Carbon encapsulated nanosheet-assembled MoS2 nanospheres with highly reversible lithium storage

Abstract

Carbon encapsulated nanosheet-assembled MoS2 (C@MoS2) nanospheres have been synthesized using poly(vinylpyrrolidone) (PVP) as surfactant and carbon source via hydrothermal approach in combination with high-temperature calcination process.

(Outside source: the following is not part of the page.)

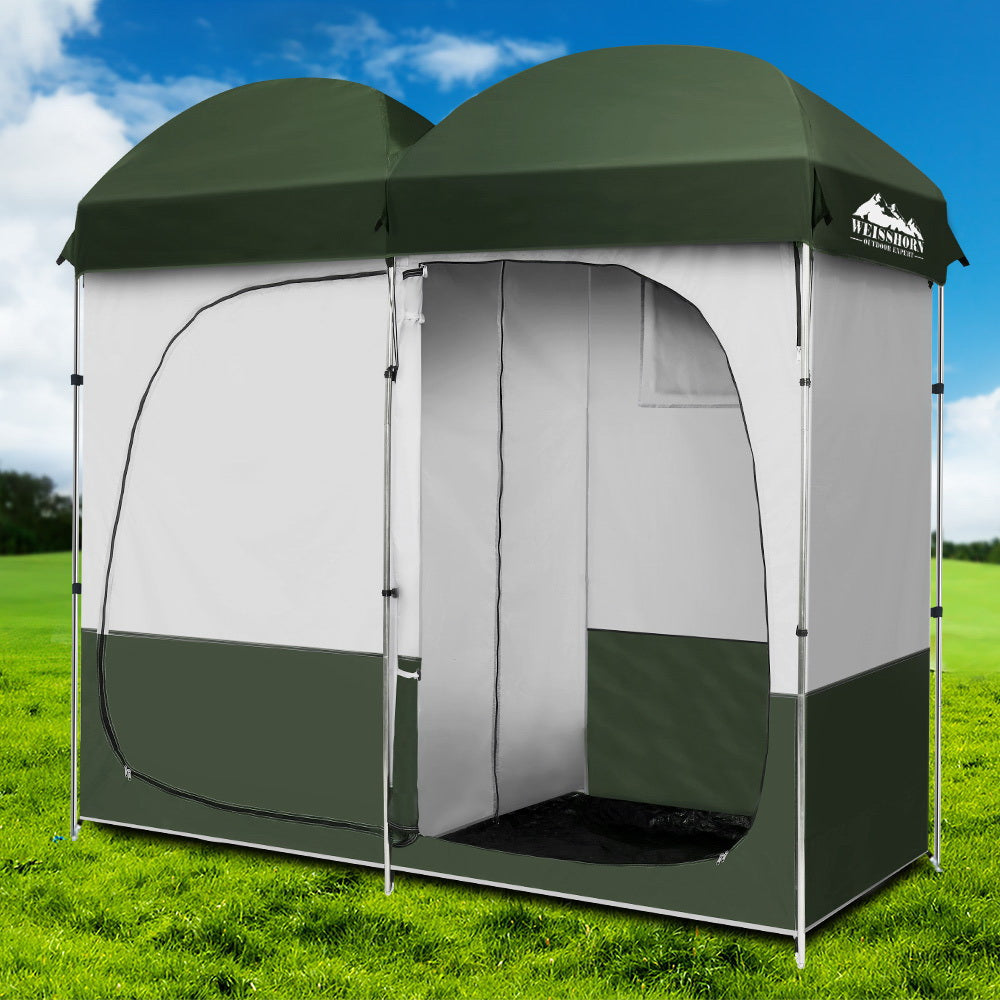 Weisshorn Double Camping Shower Toilet Tent Outdoor Portable Change Room Green freeshipping - Awezingly
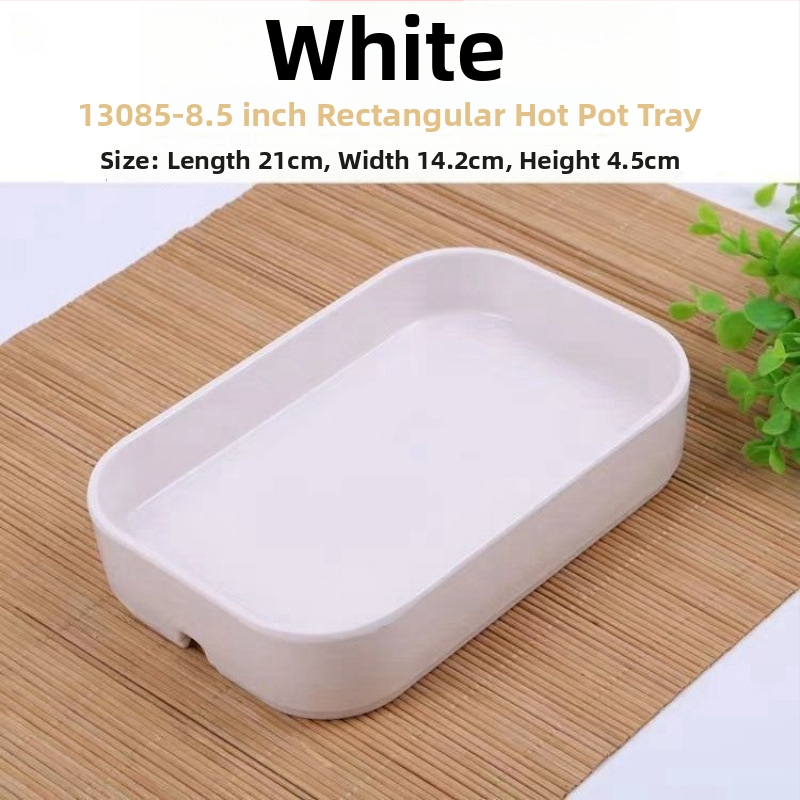Pravouhlý plastový tanier na morské plody, pre hot pot a BBQ – podglazúrový povrch, moderný minimalistický štýl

PVP plays an important role in the formation of nanosheet-assembled MoS2 nanospheres, which can be in-situ converted into amorphous carbon to encapsulate MoS2. When evaluated for electrochemical lithium storage properties, the C@MoS2 nanospheres exhibit enhanced electrochemical energy storage performances compared to the bare MoS2 nanosheets, including high specific capacity (1135.8mAhg−1 at 0.1Ag−1), excellent rate capability (384.4mAhg−1 at 8Ag−1 and 330.5mAhg−1 at 10Ag−1), and good cycling stability (97.03% capacity retention after 100 cycles at 0.5Ag−1). The enhanced lithium storage performances of the C@MoS2 nanospheres can be ascribed to the boosted electronic conductivity arising from PVP derived carbon, and the facilitated lithium ion transport due to the shorter diffusion length of MoS2 nanosheet-assembled structures.